# Installing a Dust Collection System



## JWG (Jan 26, 2015)

I'm new to the site. It looks like it will be helpful and useful. I am getting ready to install a dust collection system. The best way it looks to make a clean install is to run the pipes under the floor and pop them up through the floor where I need them. Response(s)?


----------



## Steve Neul (Sep 2, 2011)

We would need to know the size of the dust collector you have and the amount of piping. The more and size piping you intend to install the bigger dust collector you will need.


----------



## ORBlackFZ1 (Dec 25, 2013)

It also helps to know what equipment you are planning on running and where the equipment will be positioned in your shop. 

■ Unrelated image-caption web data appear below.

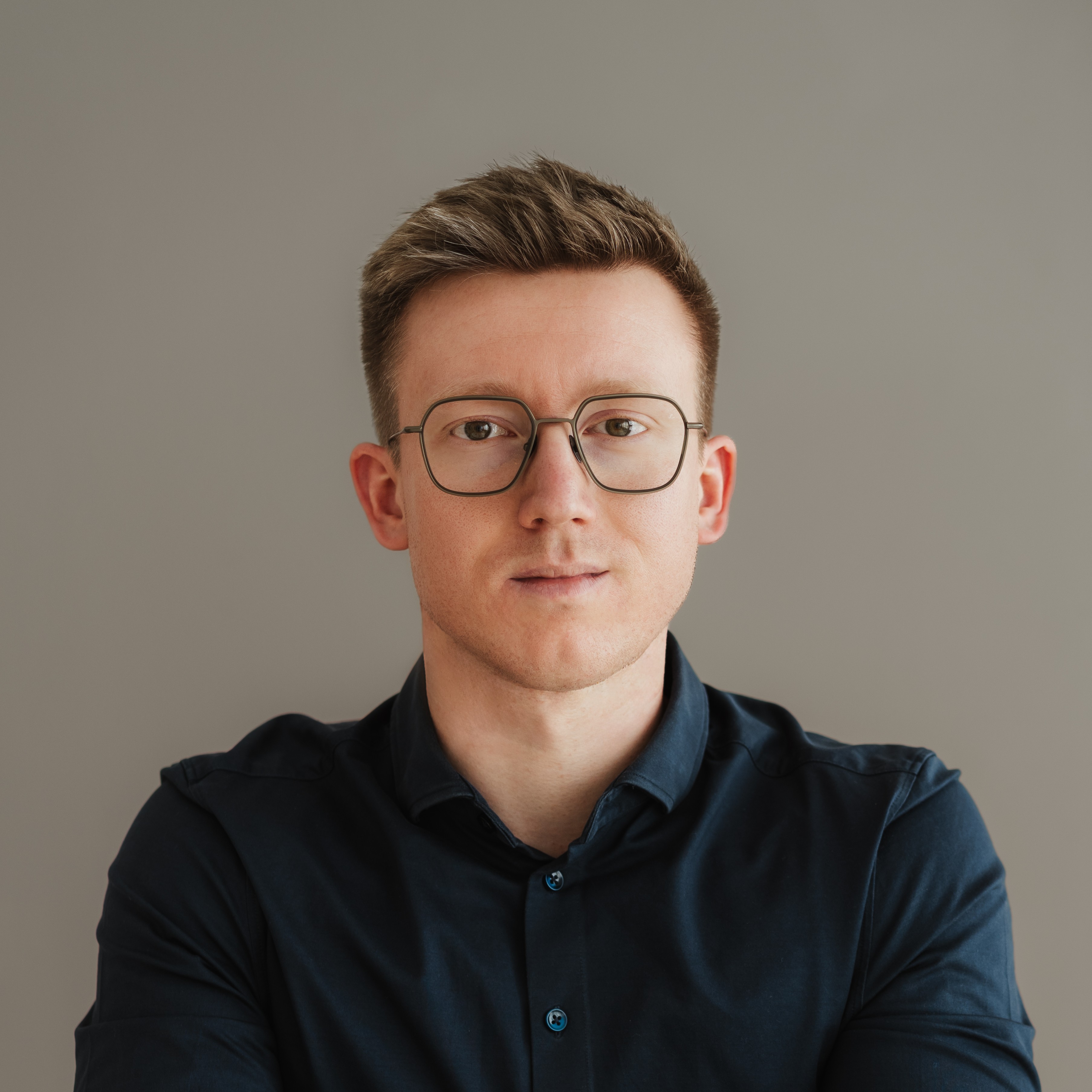 Porträtaufnahme einer Person mit runder Brille und dunkelblauem Hemd vor einem neutralen grauen Hintergrund. Die Person blickt direkt in die Kamera und ist mittig im Bild positioniert. Die Aufnahme ist gleichmäßig ausgeleuchtet und im Stil eines professionellen Business-Porträts gestaltet.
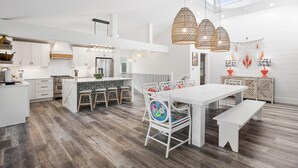 A modern kitchen with white cabinetry, a central island with stools, and a dining area with a white table and bench. - Private Pool | LSV | 2 Min Walk to Beach (Santa Rosa Beach)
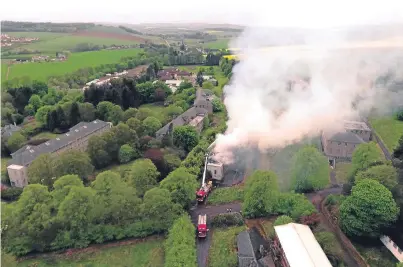  ??  ?? Firefighte­rs in attendance as smoke billows from the former Strathmart­ine Hospital.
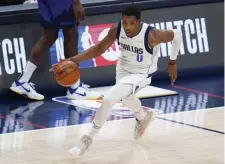  ?? AP FIle ?? LEFT BEHIND: Dallas’ Josh Richardson was among three Mavericks left behind in Denver on Friday after one player tested positive for COVID-19. The Mavericks game on Monday against New Orleans was postponed.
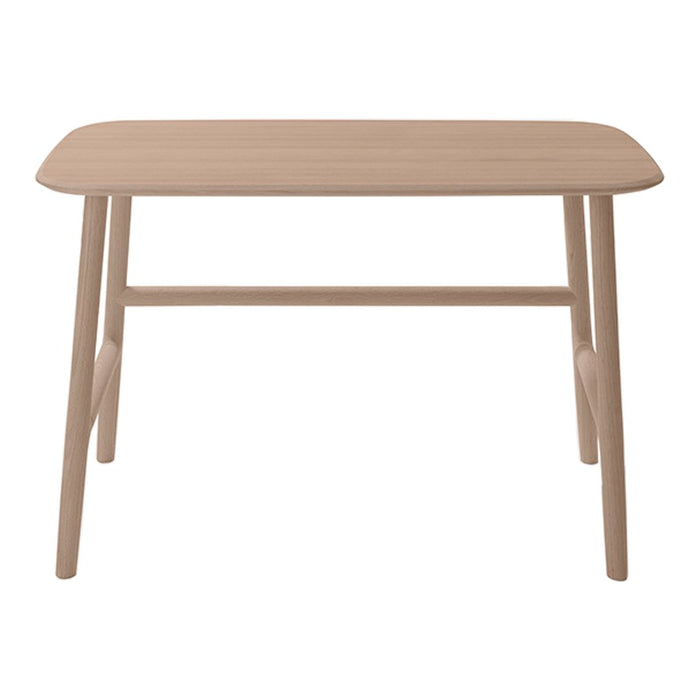 Natural wood dining table with a smooth, light beige finish and minimalist design, perfect for modern interiors.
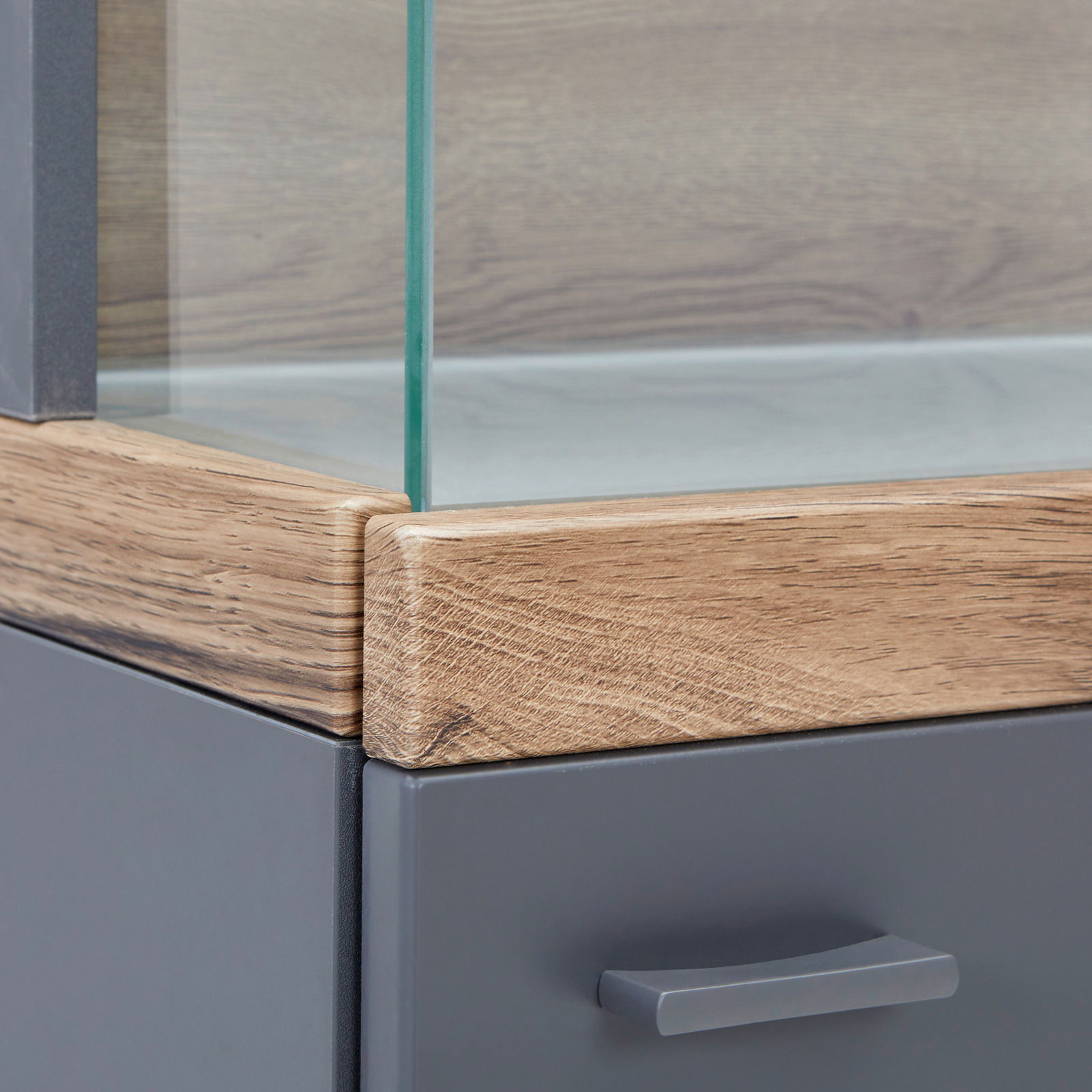 Nahaufnahme einer Vitrine mit Glasausschnitt, Holzrahmen und grauer Schublade, Perspektive von der Ecke.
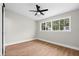 Bright bedroom featuring wood floors, a ceiling fan, and a large window at 404 Courtney Dr, Temple Terrace, FL 33617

Here is a thread that I started, that has some good references in it:

http://www.woodworkingtalk.com/f32/dust-collection-references-65642/

It is a good place to start your dust collection "journey".
Eric


----------



## epicfail48 (Mar 27, 2014)

Im assuming you have a crawl-space or similar below the floor. Personally, id say go with dropping runs from the ceiling. Reason being if you decide to move a tool down the road its easy to re-position a pipe on the ceiling, whereas moving a pipe on the floor ends with a nice hole in the floor. Theres also the risk ov water/pets/small children getting sucked into the system in the floor


----------